» **Task brief**: Give again, exactly as written, the lines of the records below from the line with "Mesh Bowknot Sexy Dress" to the line with "Tom Curtis - Baltimore Colts". Both end lines count; pictures do not.

» **Source data**:
= = =

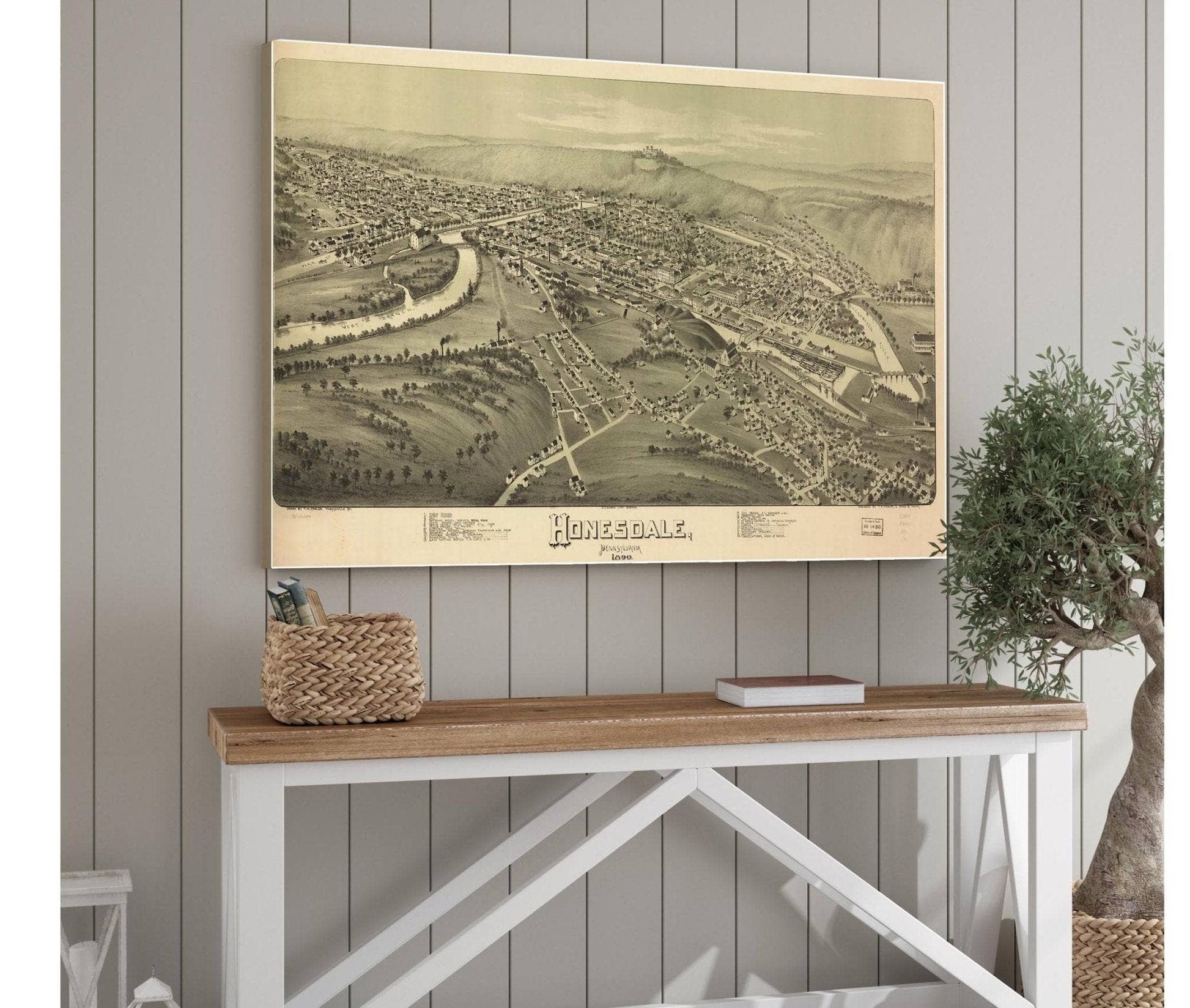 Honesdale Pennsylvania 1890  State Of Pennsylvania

= = =

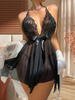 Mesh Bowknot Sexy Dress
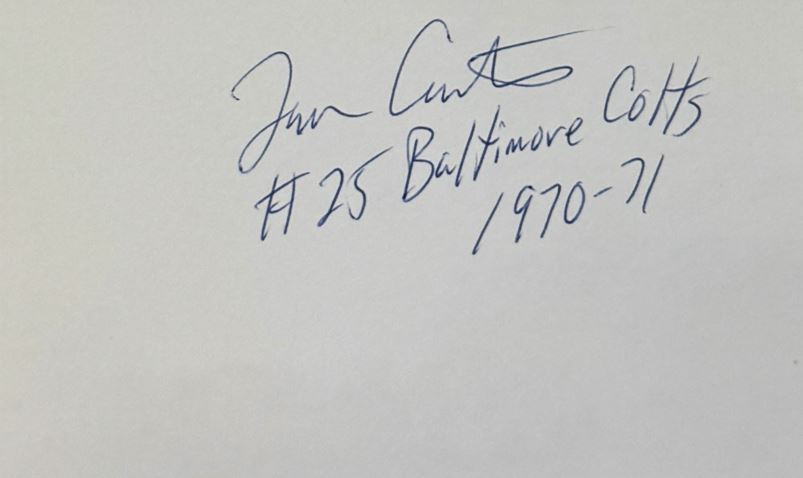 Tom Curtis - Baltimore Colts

= = =

» **Response to the exercise**:
 Mesh Bowknot Sexy Dress
 Tom Curtis - Baltimore Colts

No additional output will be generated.